The most recent measure approved by voters which encompassed the issue of two-thirds majority for legislative tax hikes was Initiative 1366, last year. It forced the legislature to choose between reducing sales taxes by one percent or allowing a public vote on a two-thirds provision. However, it was challenged legally and in May 2016 the State Supreme Court ruled invalidated I-1366 for violating the state Constitution’s single-subject rule.
Although a December 2015 poll found 65 percent of voters want the legislature to send them a constitutional amendment to vote on establishing the two-thirds rule, it is “probably impossible” that will happen for now, according to Sen. Mike Padden (R-4).
‘The Start Of A Groundswell’
The Supreme Court’s I-1366 ruling was an impetus for the recent action in Spokane Valley, said Mayor Rod Higgins. “Call it the start of a groundswell,” he said. “Folks are saying ‘How do we get around that?’”
Higgins added, “The state mandates a lot of things that they don’t fund, which then throws the onus back on us to find the money to comply. Quite often that is a tax increase, and this is one of the ways that puts a damper on that.”
The view is shared by Padden, who represents Spokane Valley. He told Lens a supermajority requirement is “something that people want” and making their local government adhere to that standard “is one other outlet” to express that demand.
‘Voters…Concerned With Overspending’
“Voters are concerned with overspending at all levels of government, but especially the state government,” Padden added. “They would like to make sure that taxes aren’t imposed…without a lot of hard thought and support of two-thirds of the legislature.”
In 2013, Spokane became the first city in Washington to require a supermajority vote for new taxes, of a majority-plus one. It was followed by Yakima, with its own majority-plus-one rule. The Pierce County Council in 2012 adopted a two-thirds supermajority rule for tax hikes it votes upon.
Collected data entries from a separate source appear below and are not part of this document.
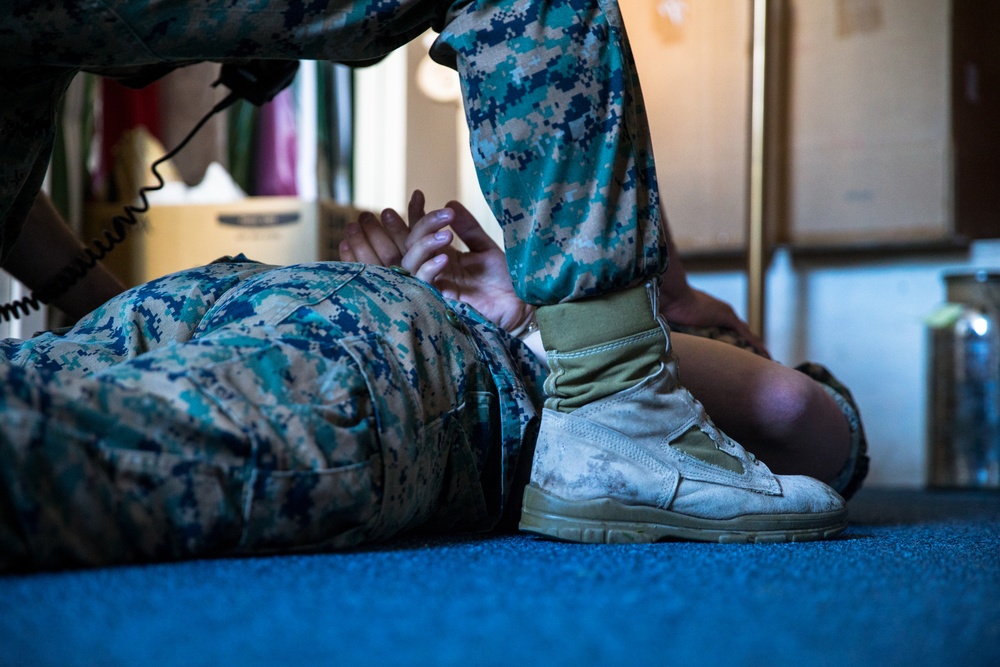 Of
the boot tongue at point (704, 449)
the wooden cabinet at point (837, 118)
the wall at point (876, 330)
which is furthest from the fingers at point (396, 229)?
the wall at point (876, 330)

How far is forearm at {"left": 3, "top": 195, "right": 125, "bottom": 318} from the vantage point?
1.25 metres

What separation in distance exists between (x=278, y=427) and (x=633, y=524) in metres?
0.31

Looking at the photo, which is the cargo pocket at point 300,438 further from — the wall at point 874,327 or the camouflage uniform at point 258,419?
the wall at point 874,327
All measures were first approved by their respective councils and later by voters. The Spokane Valley supermajority rule will not need voter approval.
Lower Taxes Fuel Growth
Spokane Valley City Councilmember Ed Pace said the best way to increase government revenue is by keeping local taxes low to attract more business. This increases the overall tax base with without imposing additional tax burdens, he added.
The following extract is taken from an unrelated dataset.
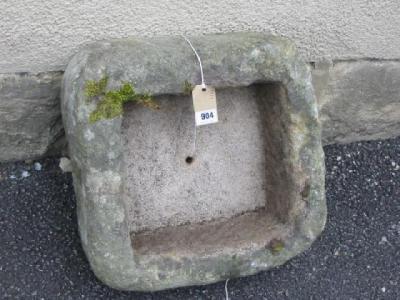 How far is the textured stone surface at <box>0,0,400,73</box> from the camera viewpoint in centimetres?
153

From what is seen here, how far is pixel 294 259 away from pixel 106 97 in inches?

“Sometimes we have to impose taxes or raise taxes, but we’d rather do that only as a last resort,” he said. “We’re pro-growth but we want to fund (government) growth by (economic) growth.”
Jason Mercier believes growth of supermajority requirements for new local taxes “could be the catalyst for this becoming a statewide issue.” He is the Washington Policy Center’s Eastern Washington director. Mercier told Lens that “if more local government officials operate underneath this policy” and are later elected to the legislature, adopting a similar rule for the state “should be less of a concern for them.”
There are pockets of resistance locally. The Washington State School Administrators Association represents the 1,477 school board members in the state. One of their priorities is legislation to allow school bond measures to pass by a simple majority, rather than the 60 percent supermajority required under Article VIII, Section 6 in the State Constitution. The State Constitution was amended in 2007 allowing school levies to pass by a simple majority; although the amendment itself narrowly passed, by 50.61 percent.
During the 2015 legislative session, 44 Democrats and one Republican introduced HJR 4210 proposing sending voters a constitutional amendment proposal to create the same threshold for bond measures. It received a public hearing in the House Education Committee in 2015 as well as 2016 but never got an up or down vote.